Video stores thus, improbably, opened up the last great era of a relatively unified Hollywood movie production process, vastly expanding audience numbers over time. History may well record the cinema era as prelude to that last great gasp of Hollywood. But the other equally important thing it did was to change the process of self-formation in culture. For adolescence extended into the 20s, in the new style, a video store wasn’t just a place where you found a way to escape from life, it was a place where you found ways to enter it — different ways of being a self, different filters through which to view the world.
It was a way in which cultural consumption began to differentiate people into different consumer classes, different ways of being in the world, whether you saw the range of acceptable viewing running from Top Gun to Breakfast Club and back again, or whether you composed your own triple features, jamming together Thursday’s Game with L’Atalante and that James Belushi movie where he’s a cop in Russia, you know the one. Rep.
Cinema did that too, but video stores increased the speed and reach of that process, until it became a different sort of thing. The whole idea of ‘cult’ cinema — something between arthouse, classic, kitsch and obscure, drawing in parts of all four, but each differently assembled in each different store. The whole idea of cult cinema wouldn’t exist without video stores, and nor would the sort of pre-fabricated cult flick — indy film but not all of it — that succeeded it.
It was the distinct mix of limits and freedom that gave the video store its unique hold, and also its placefulness. At Video Station Boulder — two owners in 32 years — the customers came and went as I hung out with Noah, and browsed the place’s ‘staff picks’ section, a sort of wall of one-upmanship terror for cinephiles. You think you’ve seen staff picks celebrating the obscure, the perverse and the ironically obvious — the Video Station wall is like a joint seminar by Slavoj Zizek, Traci Lords and Professor Dr. George Steiner.
“We’ve got a pretty loyal base,” Noah said, as people came in not merely to change vids, but to get advice, a snap judgement — “my daughter sent me this, is it worth watching?” — and to get old DVDs polished up like precious stones. And then, mid-arvo, she came in, in a dark blue dress, a Bettie Page-black fringe, and matte-red lipstick, and drifted round the ‘noir’ section, which is sorted not merely by directors but also cinematographers. It would have been positively destructive to ask her any questions, she probably just ran the jazzercise studio.
She looked like a woman who had her husband’s body in the freezer, the hands removed, taken to a motel every couple of weeks to leave fingerprints, establish proof of life and a credit card trail, while she builds an alibi, before dumping his body in the Red River. While waiting, she watches DVDs. She got her movie, and kissed her fingers and placed them on the lips of Cary Grant in a poster on the counter.

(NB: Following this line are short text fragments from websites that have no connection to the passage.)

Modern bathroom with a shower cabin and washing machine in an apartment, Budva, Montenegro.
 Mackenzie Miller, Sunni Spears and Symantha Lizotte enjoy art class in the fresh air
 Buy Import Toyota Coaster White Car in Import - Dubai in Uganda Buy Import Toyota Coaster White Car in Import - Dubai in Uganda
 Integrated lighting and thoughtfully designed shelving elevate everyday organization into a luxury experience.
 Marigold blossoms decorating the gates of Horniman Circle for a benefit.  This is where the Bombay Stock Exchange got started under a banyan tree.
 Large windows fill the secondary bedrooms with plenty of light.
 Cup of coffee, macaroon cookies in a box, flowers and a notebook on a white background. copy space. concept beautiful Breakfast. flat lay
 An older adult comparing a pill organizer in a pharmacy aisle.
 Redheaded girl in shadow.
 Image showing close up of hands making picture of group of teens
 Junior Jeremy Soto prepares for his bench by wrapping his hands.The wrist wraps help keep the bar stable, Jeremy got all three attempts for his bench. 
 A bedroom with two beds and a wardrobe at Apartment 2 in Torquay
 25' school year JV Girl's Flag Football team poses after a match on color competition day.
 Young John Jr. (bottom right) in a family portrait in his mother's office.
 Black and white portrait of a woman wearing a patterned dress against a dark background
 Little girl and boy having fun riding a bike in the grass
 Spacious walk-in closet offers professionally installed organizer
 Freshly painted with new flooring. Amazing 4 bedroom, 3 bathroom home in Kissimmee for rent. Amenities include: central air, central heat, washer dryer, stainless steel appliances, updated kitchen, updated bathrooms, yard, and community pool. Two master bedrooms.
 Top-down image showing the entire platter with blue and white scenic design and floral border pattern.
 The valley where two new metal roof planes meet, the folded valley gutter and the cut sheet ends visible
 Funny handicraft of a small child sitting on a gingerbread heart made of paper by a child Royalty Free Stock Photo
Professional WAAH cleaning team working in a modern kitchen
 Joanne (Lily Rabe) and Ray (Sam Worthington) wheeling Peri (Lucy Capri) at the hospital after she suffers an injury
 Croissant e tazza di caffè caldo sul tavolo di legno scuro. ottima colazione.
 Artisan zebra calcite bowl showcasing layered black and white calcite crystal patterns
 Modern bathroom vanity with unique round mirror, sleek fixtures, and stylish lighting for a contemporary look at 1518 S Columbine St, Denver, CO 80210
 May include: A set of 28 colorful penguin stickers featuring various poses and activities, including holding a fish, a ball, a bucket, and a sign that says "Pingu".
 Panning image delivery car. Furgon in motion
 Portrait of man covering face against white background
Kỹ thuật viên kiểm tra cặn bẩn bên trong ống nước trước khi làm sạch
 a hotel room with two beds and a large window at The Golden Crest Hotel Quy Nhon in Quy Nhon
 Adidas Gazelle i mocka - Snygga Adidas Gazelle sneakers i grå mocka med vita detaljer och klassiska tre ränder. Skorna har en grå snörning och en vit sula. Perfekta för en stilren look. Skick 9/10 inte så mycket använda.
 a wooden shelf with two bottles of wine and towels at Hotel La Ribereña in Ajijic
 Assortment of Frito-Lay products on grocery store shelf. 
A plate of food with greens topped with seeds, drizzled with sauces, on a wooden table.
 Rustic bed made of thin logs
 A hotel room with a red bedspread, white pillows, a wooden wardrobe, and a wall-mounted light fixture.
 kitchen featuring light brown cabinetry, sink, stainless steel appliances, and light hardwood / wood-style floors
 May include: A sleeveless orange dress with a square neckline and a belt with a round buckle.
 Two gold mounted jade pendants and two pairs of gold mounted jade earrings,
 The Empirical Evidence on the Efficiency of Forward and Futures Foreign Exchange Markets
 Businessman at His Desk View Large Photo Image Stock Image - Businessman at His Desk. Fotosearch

Now that is a moment in space and time, entombed by the culture of a century, its fantasies and pretensions, impossible to know whether she had come in from the outside, or jumped off a cover and was making a break for it. “One hundred and six thousand,” Noah said, in answer to an earlier query. “We have issued 106,000 membership cards in our history. Call that, what, half a million people who’ve rented from the place?” The way we lived then, that way of pleasure going, like the electrophone and the rented Hogarth print, faded like old posters left too long in the window, like that copy of Moonstruck you took with when you moved cities, and still have.